Hi!
I’m currently working on a program which displays some kind of weird race condition behaviour.
First of all, what happens: Program runs fine, but randomly halts execution, waits for a little while and crashes, since the device memory got completely corrupted. Sometimes however, it runs through, and delivers the correct result.
So my guess was: Race condition. I wrote a sequential version of the kernel in question, which ran fine. Then I modified the working (sequential) kernel step by step, so that it became more and more the same code as the parallel version.
Finally, I reached the state where I am now:
I have two versions of my kernel, one runs sequentially and one runs in parallel. They have the exact same input, the same execution configuration, and the rest of the program also is the same for both.
The sequential version is working, the parallel version is not.
The actual problem now is this: the kernel is essentially just two for loops, which should run in parallel without any problems. Every thread block is working with one input space and with one output space.
These spaces are seperated from each other, and there is no communication at all.
Here is the code of the sequential version:
if(blockIdx.x==0 && threadIdx.x == 0){
*device_formulas = scan_predicates[gridDim.x-1] + scan_result[gridDim.x-1];
for(int i=0; i<gridDim.x; i++){
if(scan_predicates[i] == 1){
for(int j=0; j<CLAUSES_ABS(FORMULA(&formulas_out,i)); j++)
FORMULA(&formulas_in,scan_result[i])[j] = FORMULA(&formulas_out,i)[j];
for(int j=0; j<=VARIABLES(FORMULA(&formulas_out,i)); j++)
ASSIGNMENT(&assign_in,scan_result[i])[j] = ASSIGNMENT(&assign_out,i)[j];
}
}
}
And here for the parallel version:
if(threadIdx.x==0){
*device_formulas = scan_predicates[gridDim.x-1] + scan_result[gridDim.x-1];
if(scan_predicates[blockIdx.x] == 1){
for(int j=0; j<CLAUSES_ABS(FORMULA(&formulas_out,blockIdx.x)); j++)
FORMULA(&formulas_in,scan_result[blockIdx.x])[j] = FORMULA(&formulas_out,blockIdx.x)[j];
for(int j=0; j<=VARIABLES(FORMULA(&formulas_out,blockIdx.x)); j++)
ASSIGNMENT(&assign_in,scan_result[blockIdx.x])[j] = ASSIGNMENT(&assign_out,blockIdx.x)[j];
}
}
Now I know that the parallel version is far from ideal (only one thread per block is used, etc.), but I wanted to stay as close to the working/sequential version as possible.
The only real difference between the kernels (that I can see) is the parallelism, which obviously should work?

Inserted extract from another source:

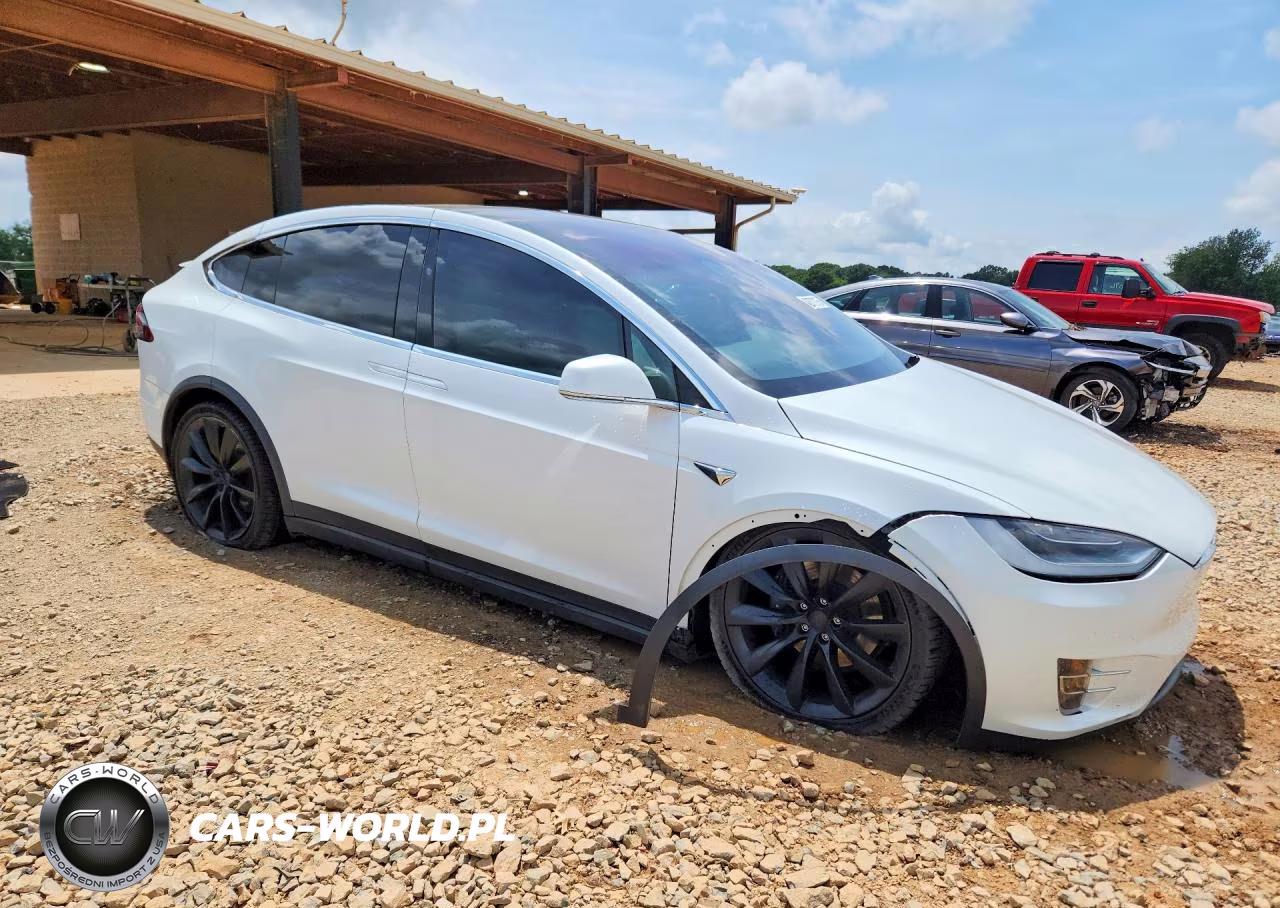 2020 Tesla Model X VIN:5YJXCBE2XLF300064 - 4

If I start the program in debug mode, it crashes with “the launch timed out and was terminated.”, while release mode it reaches an infinity loop (which I can catch and exit).
The reason for the loop seems to be corrupted memory, or the lack of any work being done at all (which is confirmed by the ‘execution failed’ message), but I can’t figure out why this should happen.
Some additional information: the whole program consists of two kernel calls of kernels I wrote myself, and one cudpp scan operation (which would be a third kernel call) in between. These calls are within a loop which runs until the program exits. The scan results are used in both versions of the kernel and seem to be correct.
If someone has an idea what could cause this, any help will be greatly appreciated!
*edit:
I forgot to mention: in emudebug mode, both versions run fine.